» **PROVIDED DATA**:

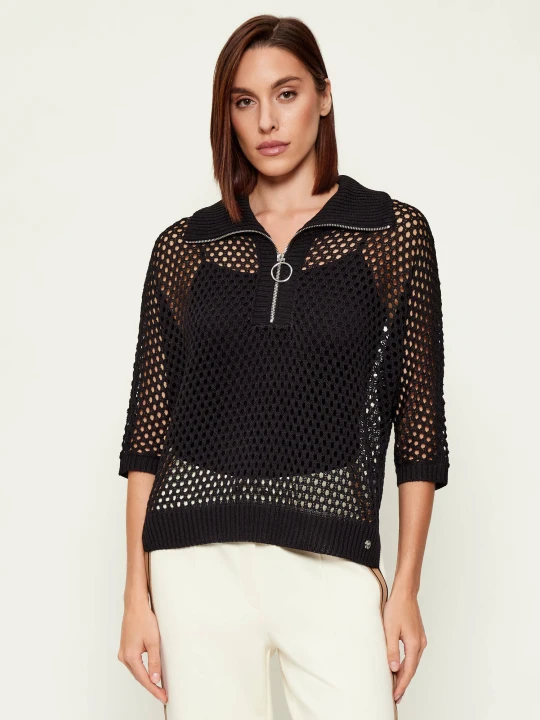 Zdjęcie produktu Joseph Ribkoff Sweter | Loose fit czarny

--

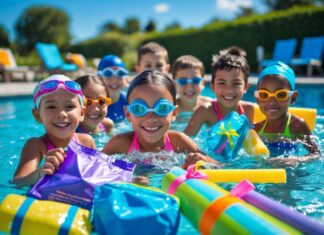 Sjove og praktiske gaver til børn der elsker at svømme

---

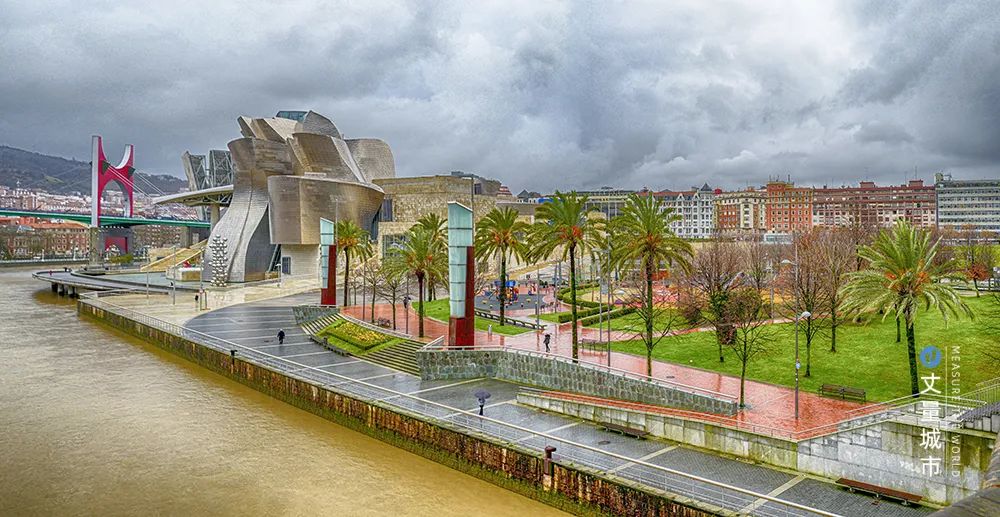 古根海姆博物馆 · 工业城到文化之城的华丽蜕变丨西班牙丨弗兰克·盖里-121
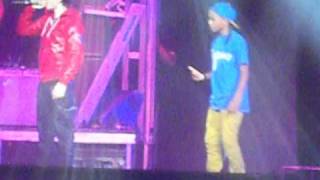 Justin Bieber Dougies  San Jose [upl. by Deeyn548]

» **DIRECTIONS**: Lines from the one above containing "古根海姆博物馆 · 工业城到文化之城的华丽蜕变丨西班牙丨弗兰克·盖里-121" down to the one containing "Justin Bieber Dougies" should be transcribed exactly, with both ends kept and no pictures.

» **TASK OUTPUT**:
 古根海姆博物馆 · 工业城到文化之城的华丽蜕变丨西班牙丨弗兰克·盖里-121
 Justin Bieber Dougies  San Jose [upl. by Deeyn548]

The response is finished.